Page 89

Figure 3.8: Combined image results from a mobile device with Sony IMX363 sensor (f/1.9
3.94mm) in low light (1 lux). At the left (a) is the original image captured (1/10 sec. ISO
9600). In the middle (b) we have an FPGA processed result (1/10sec. ISO 3200, 8 frames).
Finally, on the right side (c), the output of the FPGA accelerator is shown (1/10sec. ISO 3200,
15 frames). Clearly the output result (c) is very acute, bright and crisp.

3.2

Optimized Multimodal Approaches

As the need for intelligent, real-time decision-making grows, the focus expands

beyond preprocessing to encompass sophisticated AI models capable of running

on edge devices.

Edge computing refers to processing data at or near the

source of data generation, reducing latency and bandwidth usage compared to

centralized data centers. This shift necessitates models that are both powerful

and optimized for the limited computational resources typical of edge devices.

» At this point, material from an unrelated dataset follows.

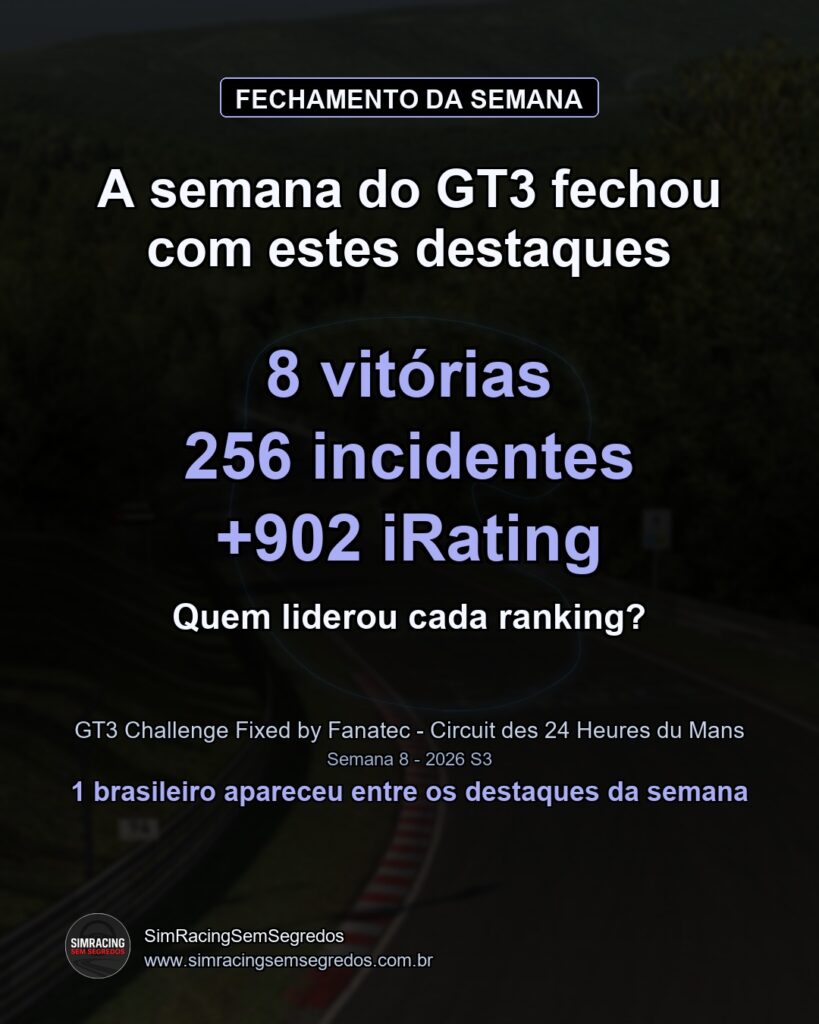 GT3 - Semana 8 - Fechamento - imagem 1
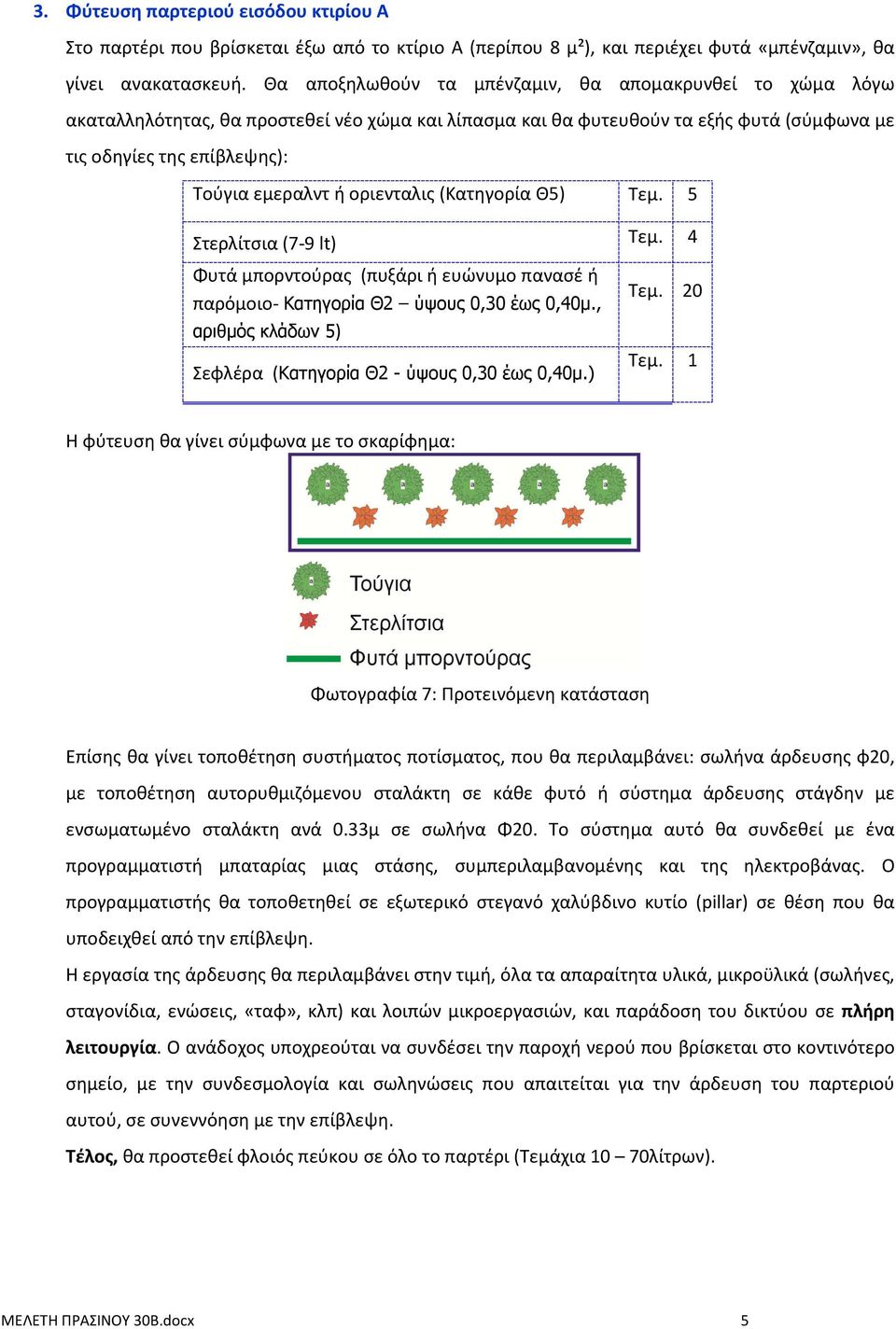 οριενταλις (Κατηγορία Θ5) Τεμ. 5 Στερλίτσια (7-9 lt) Τεμ. 4 Φυτά μπορντούρας (πυξάρι ή ευώνυμο πανασέ ή παρόμοιο- Κατηγορία Θ2 ύψους 0,30 έως 0,40µ.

In this section, we will explore highly optimized AI approaches, stemmed from

our design methodology, in the domain of activity recognition, abnormal event

detection, object detection and facial identification. These AI models feature a

novel multimodal design employing different fusion levels and techniques to

exploit the complementary data captured by a wide range of sensors.

3.2.1

Multimodal Stream Classification

Real-world data is rarely confined to a single modality. Images, audio, and

other sensor data often coexist, offering complementary insights into complex

phenomena. Multimodal stream classification addresses the need to analyze and

interpret this diverse data holistically. By integrating information from multiple

modalities, we can unlock a deeper understanding of events, behaviors, and

patterns that would remain hidden when considering each modality in isolation.